Jan. 21 (Bloomberg) -- Bank of England Governor Mervyn King said officials may start buying assets within weeks to loosen credit markets as the lowest interest rates since 1694 fail to avert a “marked” recession.

The U.K. central bank may acquire securities such as corporate bonds and commercial paper to bolster lending to companies and consumers as banks rebuild balance sheets damaged by the global financial crisis, King said yesterday. He said interest-rate reductions to the current 1.5 percent won’t prevent a contraction in the first half of the year.

“Despite those big cuts, there remains a risk that inflation will fall below 2 percent,” the target rate, King said in a speech in Nottingham, England. “It is sensible for the Monetary Policy Committee to prepare for the possibility -- and I stress that we are not there yet -- that it may need to move beyond the conventional instrument” of the bank’s benchmark interest rate.

King backed Prime Minister Gordon Brown’s plan to give the Bank of England unprecedented powers to buy securities, unveiled on Jan. 19 along with a 100-billion pound ($140 billion) bailout for banks. Those tools may later be expanded to fight deflation as the British economy faces a recession this year that may be the worst since the aftermath of World War II.

“This is a momentous speech that sets the policy agenda for the next decade,” said Lena Komileva, an economist at Tullett Prebon in London. “More rate cuts are likely but before long, the Bank of England may reach the point of using quantitative easing to target inflation, in effect to prevent deflation.”

Pound, Oil Prices

The pound fell to a record low against the yen yesterday and slipped below $1.40 for the first time since 2001. “Since the summer, the exchange rate has fallen by almost 20 percent, and oil prices have fallen by around two-thirds, both of which will boost demand,” King said in the speech.

“A pronounced contraction in spending and output is under way,” King said. “Total output in the fourth quarter is expected to have fallen sharply.
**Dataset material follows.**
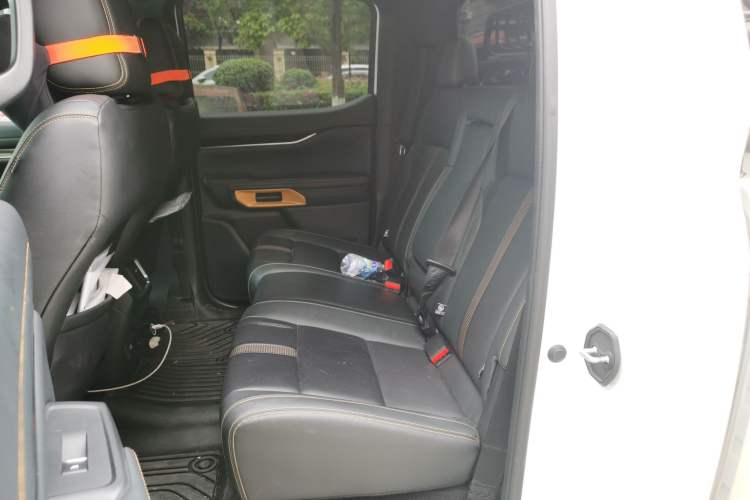 Used Ford Ranger 2023 Wild Terrain 4x4 Automatic Version Gasoline Left Rear Seat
In the first half of this year, the rate of contraction is likely to continue to be marked.”

The inflation rate declined to 3.1 percent in December from 4.1 percent the month before, the biggest drop since records began in 1997. The economy may shrink 2.7 percent this year, the most since 1946, the Ernst & Young Item Club said this week.
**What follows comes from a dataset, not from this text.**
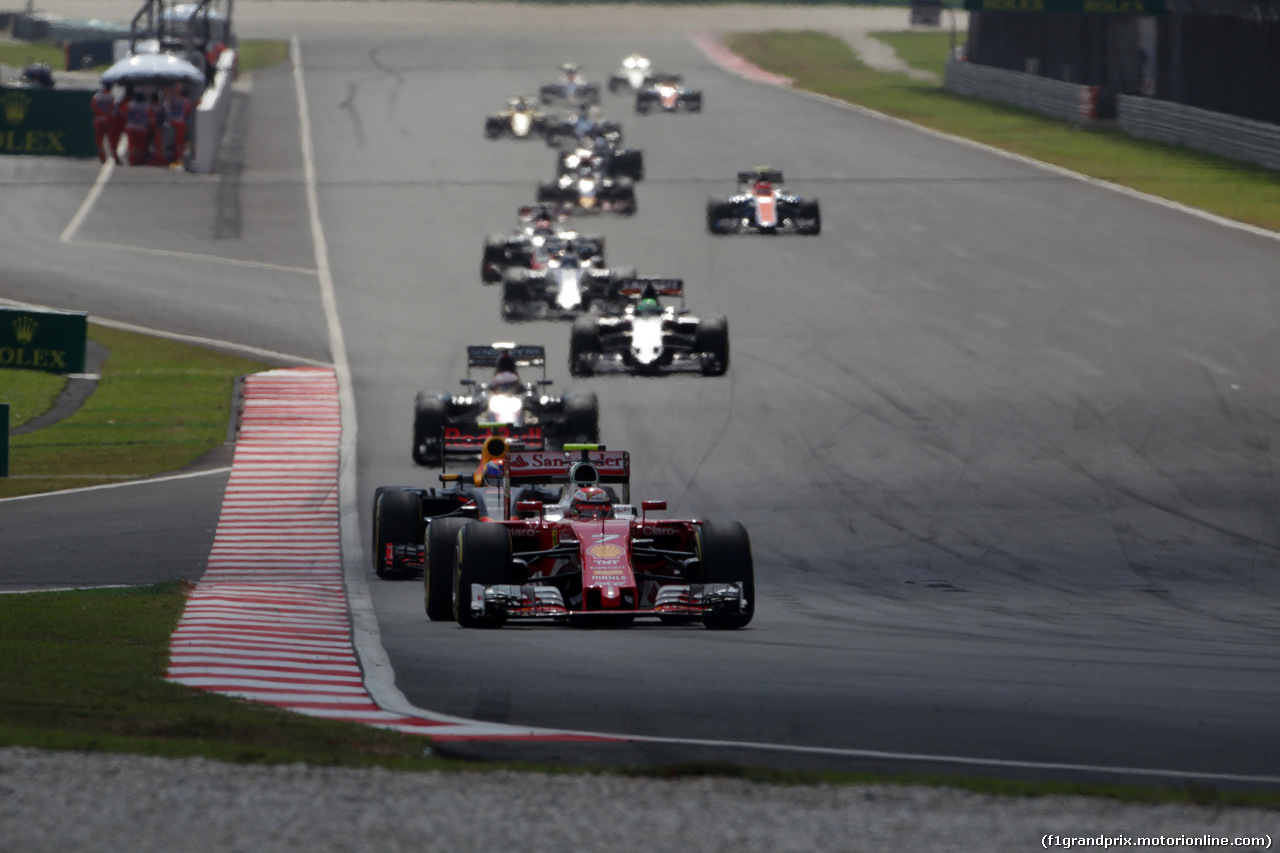 GP MALESIA - Gara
“The bank is almost ready, but very willing, to engage in unconventional monetary policy techniques,” said Philip Shaw, chief economist at Investec Securities in London. “There is still some room for interest rates to come down. But there’s a good chance they’ll use this facility.”

‘Adjustment’ Needed

Commercial banks still need to pay down their debts to put their balance sheets in order, King said. “Leverage ratios of large banks remain at remarkably high levels, and the required adjustment will not happen quickly,” he said.

The Treasury said that the central bank can make asset purchases of up to 50 billion pounds and the government will indemnify the bank against any losses, starting on Feb. 2. King said officials “will consider purchasing only high-quality assets” and that any such actions would seek “to complement and stimulate private demand, not substitute for it.”

“In each case the bank will keep the market fully informed,” King said. “It will be a matter of weeks not days before a program of purchases can begin, but it will be weeks and not months.”

Fed Purchases

Any purchases by the Bank of England would follow similar moves by the U.S. Federal Reserve, which has started buying securities after cutting its benchmark interest rate to a target range of zero to 0.25 percent.

Policy makers will watch measures of lending to non- financial companies to gauge how well the asset purchases and the government’s capital injections and loan guarantees are working, King said.

The measures “are not designed to protect the banks,” King said. “They are designed to protect the economy from the banks.”

The economy may still take some time to recover, he said. “The lags in economic policy are notoriously long and unpredictable. But well-designed policies implemented within a consistent policy framework will eventually work.”